FSC in Support of Revising Insurance Business Act

The Financial Services Commission (FSC) is in support of the ruling Democratic Party's amendment to the Insurance Business Act.

The ruling Democratic Party of Korea has tabled an amendment to the Insurance Business Act to compel Samsung Group’s insurance subsidiaries to sell their shares in Samsung Electronics. The Financial Services Commission (FSC) made an official announcement in favor of the amendment on July 30, causing a stir.

According to the current Insurance Business Act, an insurance company’s shareholding in a major shareholder or a subsidiary for loss and risk prevention is limited to 3 percent of its total assets and the stock price in this case is calculated on an acquisition cost instead of market value basis. The amendment, tabled last month, is to calculate the price on a market value basis.

At present, Samsung Life Insurance’s and Samsung Fire & Marine Insurance’s shareholdings in Samsung Electronics are estimated at 500 billion won and 100 billion won on an acquisition cost basis, respectively. Those are equivalent to approximately 0.1 percent of the respective total assets of the companies. On a market value basis, however, the figures jump to 29,436.8 billion won (9.5 percent) and 5,239.3 billion won (6.2 percent), respectively. Once the law is revised, they must sell 23 trillion won of Samsung Electronics shares within a grace period of five years.

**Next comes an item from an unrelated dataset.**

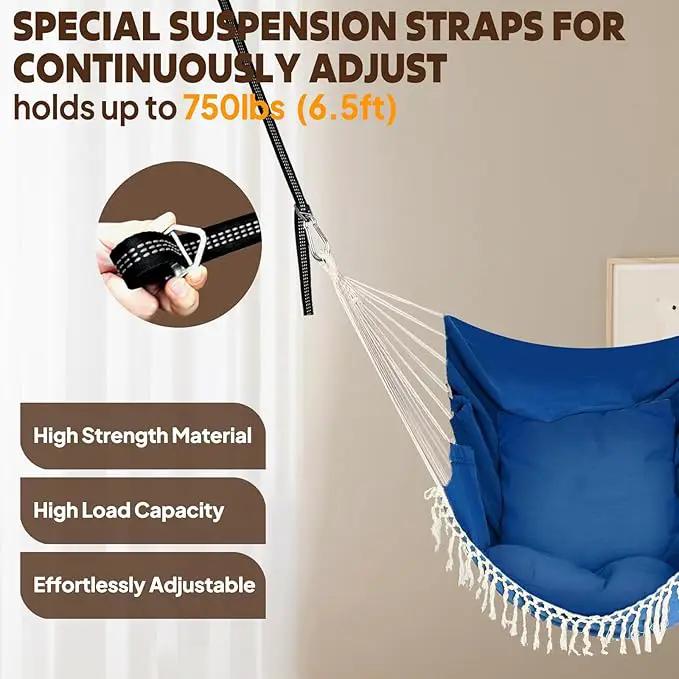 Chihee Hammock Chair Hanging Swing 2 Pillows Included,Strong Webbing Straps and Hooks for Easy Hanging Soft Cotton Hanging Chair Side Pocket Tassel Chair Comfort Indoor Outdoor Royal Blue by GreenHaven Gardens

The bill is likely to be passed within this year with both the majority ruling party and the government in favor of it. “Regulations regarding an insurer’s investment in a subsidiary in the same business group are in effect only in South Korea and Japan and the regulations in Japan are based on acquisition costs,” said an industry source, adding, “The amendment is likely to cause many side effects with few positive effects.”